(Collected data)
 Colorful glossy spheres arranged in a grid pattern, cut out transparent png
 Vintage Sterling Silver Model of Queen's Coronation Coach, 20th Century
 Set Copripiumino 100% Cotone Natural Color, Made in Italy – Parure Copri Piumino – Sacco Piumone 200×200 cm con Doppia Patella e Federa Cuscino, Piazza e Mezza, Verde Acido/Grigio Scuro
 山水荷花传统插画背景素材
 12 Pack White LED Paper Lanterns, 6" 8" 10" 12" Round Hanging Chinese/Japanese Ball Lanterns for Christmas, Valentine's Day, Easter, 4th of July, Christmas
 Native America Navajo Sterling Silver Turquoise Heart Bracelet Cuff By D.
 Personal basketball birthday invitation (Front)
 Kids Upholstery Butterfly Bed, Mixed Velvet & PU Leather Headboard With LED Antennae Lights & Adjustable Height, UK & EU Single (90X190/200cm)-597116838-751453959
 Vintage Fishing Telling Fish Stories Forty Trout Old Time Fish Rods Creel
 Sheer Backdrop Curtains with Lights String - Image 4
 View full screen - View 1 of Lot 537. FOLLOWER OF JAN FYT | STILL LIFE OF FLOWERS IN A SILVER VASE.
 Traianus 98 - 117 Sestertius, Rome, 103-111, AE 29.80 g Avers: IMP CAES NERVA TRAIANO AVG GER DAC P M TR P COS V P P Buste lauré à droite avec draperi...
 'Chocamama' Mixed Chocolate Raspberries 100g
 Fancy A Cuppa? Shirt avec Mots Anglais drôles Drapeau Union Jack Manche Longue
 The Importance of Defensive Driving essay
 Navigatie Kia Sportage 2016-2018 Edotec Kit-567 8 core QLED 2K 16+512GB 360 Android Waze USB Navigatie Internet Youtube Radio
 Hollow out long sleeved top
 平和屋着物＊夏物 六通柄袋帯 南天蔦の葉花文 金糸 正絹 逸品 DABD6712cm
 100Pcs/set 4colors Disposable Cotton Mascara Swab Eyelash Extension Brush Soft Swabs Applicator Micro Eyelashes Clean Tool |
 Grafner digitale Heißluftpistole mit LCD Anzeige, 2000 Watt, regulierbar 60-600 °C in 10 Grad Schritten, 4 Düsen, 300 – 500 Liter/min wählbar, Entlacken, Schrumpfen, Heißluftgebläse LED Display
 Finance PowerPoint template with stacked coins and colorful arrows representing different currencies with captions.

## Task to carry out
Every record above must be duplicated exactly.

## Solution to this problem
 Colorful glossy spheres arranged in a grid pattern, cut out transparent png
 Vintage Sterling Silver Model of Queen's Coronation Coach, 20th Century
 Set Copripiumino 100% Cotone Natural Color, Made in Italy – Parure Copri Piumino – Sacco Piumone 200×200 cm con Doppia Patella e Federa Cuscino, Piazza e Mezza, Verde Acido/Grigio Scuro
 山水荷花传统插画背景素材
 12 Pack White LED Paper Lanterns, 6" 8" 10" 12" Round Hanging Chinese/Japanese Ball Lanterns for Christmas, Valentine's Day, Easter, 4th of July, Christmas
 Native America Navajo Sterling Silver Turquoise Heart Bracelet Cuff By D.
 Personal basketball birthday invitation (Front)
 Kids Upholstery Butterfly Bed, Mixed Velvet & PU Leather Headboard With LED Antennae Lights & Adjustable Height, UK & EU Single (90X190/200cm)-597116838-751453959
 Vintage Fishing Telling Fish Stories Forty Trout Old Time Fish Rods Creel
 Sheer Backdrop Curtains with Lights String - Image 4
 View full screen - View 1 of Lot 537. FOLLOWER OF JAN FYT | STILL LIFE OF FLOWERS IN A SILVER VASE.
 Traianus 98 - 117 Sestertius, Rome, 103-111, AE 29.80 g Avers: IMP CAES NERVA TRAIANO AVG GER DAC P M TR P COS V P P Buste lauré à droite avec draperi...
 'Chocamama' Mixed Chocolate Raspberries 100g
 Fancy A Cuppa? Shirt avec Mots Anglais drôles Drapeau Union Jack Manche Longue
 The Importance of Defensive Driving essay
 Navigatie Kia Sportage 2016-2018 Edotec Kit-567 8 core QLED 2K 16+512GB 360 Android Waze USB Navigatie Internet Youtube Radio
 Hollow out long sleeved top
 平和屋着物＊夏物 六通柄袋帯 南天蔦の葉花文 金糸 正絹 逸品 DABD6712cm
 100Pcs/set 4colors Disposable Cotton Mascara Swab Eyelash Extension Brush Soft Swabs Applicator Micro Eyelashes Clean Tool |
 Grafner digitale Heißluftpistole mit LCD Anzeige, 2000 Watt, regulierbar 60-600 °C in 10 Grad Schritten, 4 Düsen, 300 – 500 Liter/min wählbar, Entlacken, Schrumpfen, Heißluftgebläse LED Display
 Finance PowerPoint template with stacked coins and colorful arrows representing different currencies with captions.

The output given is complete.